Under whatever name, Hawkwind’s best known as the chief practitioners of space rock. Warmer than Krautrock. Darker than psychedelic rock. Not as heavy as metal, and on average with fewer riffs per song. More organic than most electronica. Guitar, thumping bass, pounding drums, echoing vocals, and keyboards to throw in odd unnatural sounds and create a sense of empty sonic depth; a classic Hawkwind song tells us “Space Is Deep.” It’s not a surprise the band explored ambient and techno soundscapes in the 1990s.
Hawkwind’s an avowed influence on early punk groups—they recorded a version of their song “Urban Guerilla,” which the BBC had once refused to play, with Johnny Rotten. Yet much of their sound resembles early-70s Pink Floyd as much as anything, though prog fans have looked down on Hawkwind for a relative lack of rhythmic complexity. That’s not wrong, but their best and most frequently recorded songs, stuff like (say) “Brainstorm,” “Master of the Universe,” “Spirit of the Age,” and “Silver Machine,” often works through repetition. The sense of trance, even of ritual.
That’s reflected in their live shows, which over the years have boasted fire-breathers, lasers, sets, costumes, and dancers. One particularly statuesque dancer, Stacia, was considered a key element of the live show in the 70s, part of the band. Peter Hammill of Van Der Graff Generator, who frequently shared a stage with Hawkwind, as been quoted as saying, “the Hawkwind of the mid-seventies shows were very theatrical, but they weren’t slick. And I don’t think they were after putting up a slick show—or after perfection. To me it was more theatre in an agit-prop way.” Not surprising, then, that Hawkwind was a part of the free festival movement in the 70s and 80s.

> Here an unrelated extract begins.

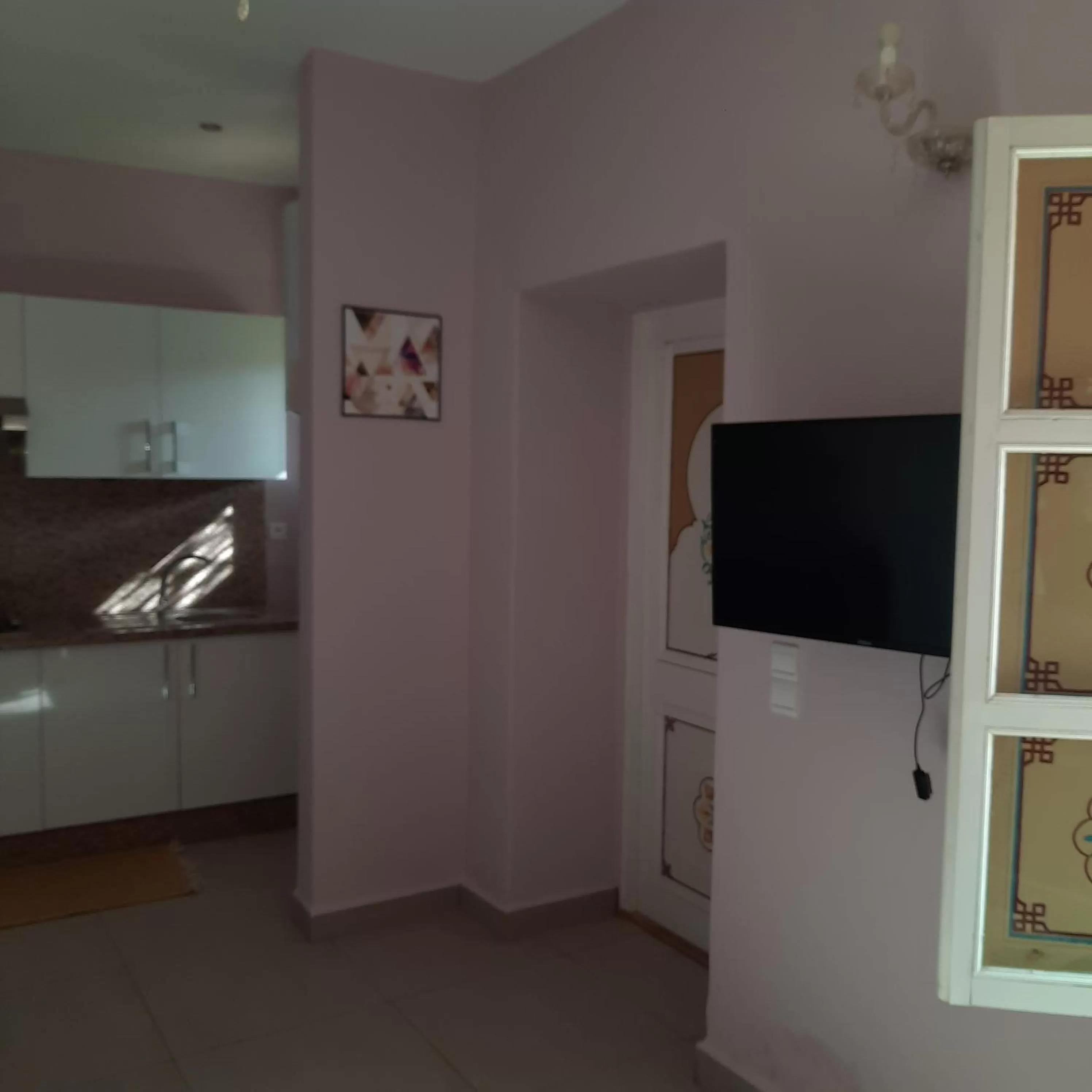 Facade/entrance, TV/Entertainment Center in Résidence Habiba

Live or studio, to listen attentively to Hawkwind is to enter a trancelike state. Brock’s spoken about wanting to create the aural equivalent of an acid trip; you hear that. You hear the same songs returning on albums recorded years apart, familiar melodies repeating, but changed, like a recurring dream. It’s in this context that Road to Utopia is most effective, the latest set of changes rung on Hawkwind’s idiosyncratic but well-crafted standards.
It’s still not a conventional choice for an album. But this isn’t a conventional rock group.